Besides the theoretical advantages, Blockchains in practical terms also has significant importance to mention. One of the closest and most outstanding improvements in this particular is the Swiss Financial Market Supervisory Authority (FINMA) issuing banking licenses to two blockchain service providers. This new progress which enables us to benefit the improving side of technology also creates a need for a legal frame for potential disadvantages. Businesses, using this blockchain technology, need to pay regard to the characteristics of the system like; anonymity or universal accessibility and take precautions for possible risks. Anti-money laundering and combating the financing of terrorism have a great significance in this regard. For this purpose, FINMA has regulated the potentialities in detail and brought the Anti-Money Laundering Ordinance (AMLO-FINMA), which will be mandatory for the licensed businesses to fulfill. One of these regulations is the identification by which the system controls the identities of process parties and decides to approve the operation or not. Other than identification art. 10 regulates a boundary for operation parties. As for that, the FINMA controlled institutions are only able to operate with clients of these institutions, and a third party can only be included after these institutions approve its identity. These examples of regulations are forming a semi-traditional technology for data protection.

In defiance of its outstanding progress, blockchain technology has not reached its peak point yet. The legal incompetence and its newness block the benefits it provides and prevents users from trusting the system. A user who cannot foresee the solutions for possible conflicts will behave cautiously. For this reason, the legal ground of this rewarding system must be consolidated. Despite all, it is not possible to not see the continuous progress of the blockchain technology which gets involved in a new area of life every day.

References

Özdoğan, B., & Karğın, (2018). Blok Zinciri Teknolojisinin Muhasebe ve Finans Alanlarına Yönelik Yansımaları ve Beklentiler. Muhasebe ve Finansman Dergisi, (80), 161-176.

Di Pierro, M., (2017). What is the blockchain?. Computing in Science & Engineering, 19(5), 92-95.
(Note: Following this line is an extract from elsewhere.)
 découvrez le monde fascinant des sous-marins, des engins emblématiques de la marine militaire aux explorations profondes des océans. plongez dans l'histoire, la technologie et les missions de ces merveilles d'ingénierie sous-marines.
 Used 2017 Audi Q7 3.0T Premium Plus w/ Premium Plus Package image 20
AVUNDUK, H., & Hakan, A. Ş. A. N., (2018). Blok zinciri (Blockchain) teknolojisi ve işletme uygulamaları: Genel bir değerlendirme. Dokuz Eylül Üniversitesi İktisadi İdari Bilimler Fakültesi Dergisi, 33(1), 369-384.
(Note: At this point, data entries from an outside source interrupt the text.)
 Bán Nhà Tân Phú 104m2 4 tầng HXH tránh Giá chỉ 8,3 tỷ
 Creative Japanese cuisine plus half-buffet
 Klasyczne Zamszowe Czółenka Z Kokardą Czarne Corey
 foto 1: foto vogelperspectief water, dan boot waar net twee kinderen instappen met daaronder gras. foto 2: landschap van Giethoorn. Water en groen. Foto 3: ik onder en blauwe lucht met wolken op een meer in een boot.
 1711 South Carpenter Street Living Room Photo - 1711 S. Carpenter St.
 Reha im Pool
Peters, G. W., & Panayi, (2016). Understanding Modern Banking Ledgers Through Blockchain Technologies: Future of Transaction Processing and Smart Contracts on the Internet of Money, Banking Beyond Banks and Money, pp. 239-278, Springer International Publishing.
TÜRKMEN, S. Y., & DURBİLMEZ, S. E. Blockchain Teknolojisi ve Türkiye Finans Sektöründeki Durumu. Finans Ekonomi ve Sosyal Araştırmalar Dergisi (FESA), 4(1), 30-45.